Thursday, February 10, 2011

At Risk: The Egyptian Museum

If you look at the photos and videos of the mass protests in Cairo's Tahrir Square, you might catch sight of a vintage pink building at the edge of the frame. That is the Egyptian Museum, the antiquated, too-small, not very modern but nevertheless precious and indispensible repository for many Egyptian antiquites, from King Tut's mask to ancient jewelry and carvings to mummies. After the Giza pyramids and the Great Sphinx, the museum is perhaps the leading tourist attraction in the Cairo area.

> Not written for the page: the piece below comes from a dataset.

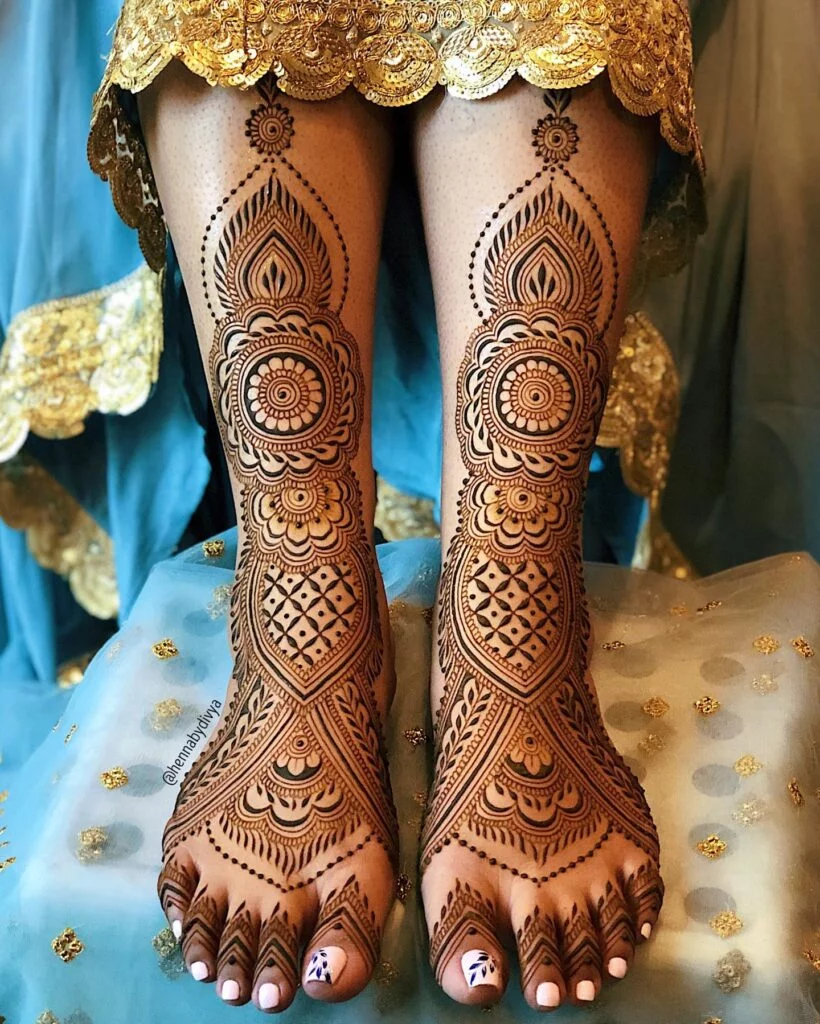 Dulhan Leg Mehndi Design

Civil unrest in Egypt pitting pro-democracy demonstrators versus defenders of the status quo and embattled President Hosni Mubarak has put this unique world heritage site at risk - risk of looting, risk of damage to the building. There has already been some destruction, according to media reports, though pro-democracy demonstrators have at times taken steps to secure the building by forming a human chain.

This last fact comes courtesy of Renee Dreyfus, curator at San Francisco's Fine Arts Museums, who was interviewed in the Feb. 8 San Francisco Chronicle by contributor Jesse Hamlin. You can read the interview online at the Chronicle-affiliated Web site SFGate.com. What follows here are some salient points by Dreyfus, who has organized several popular exhibits of Egyptian antiquities in San Francisco over the past several decades:

Hamlin reports that a gilt statue of the boy monarch King Tut standing on a jaguar was smashed when the Tahrir Square protests spilled over into the museum two weeks ago. "They damaged 70 irreplaceable antiquities, ripping the heads off two mummies and throwing objects to the floor,'' Hamlin writes.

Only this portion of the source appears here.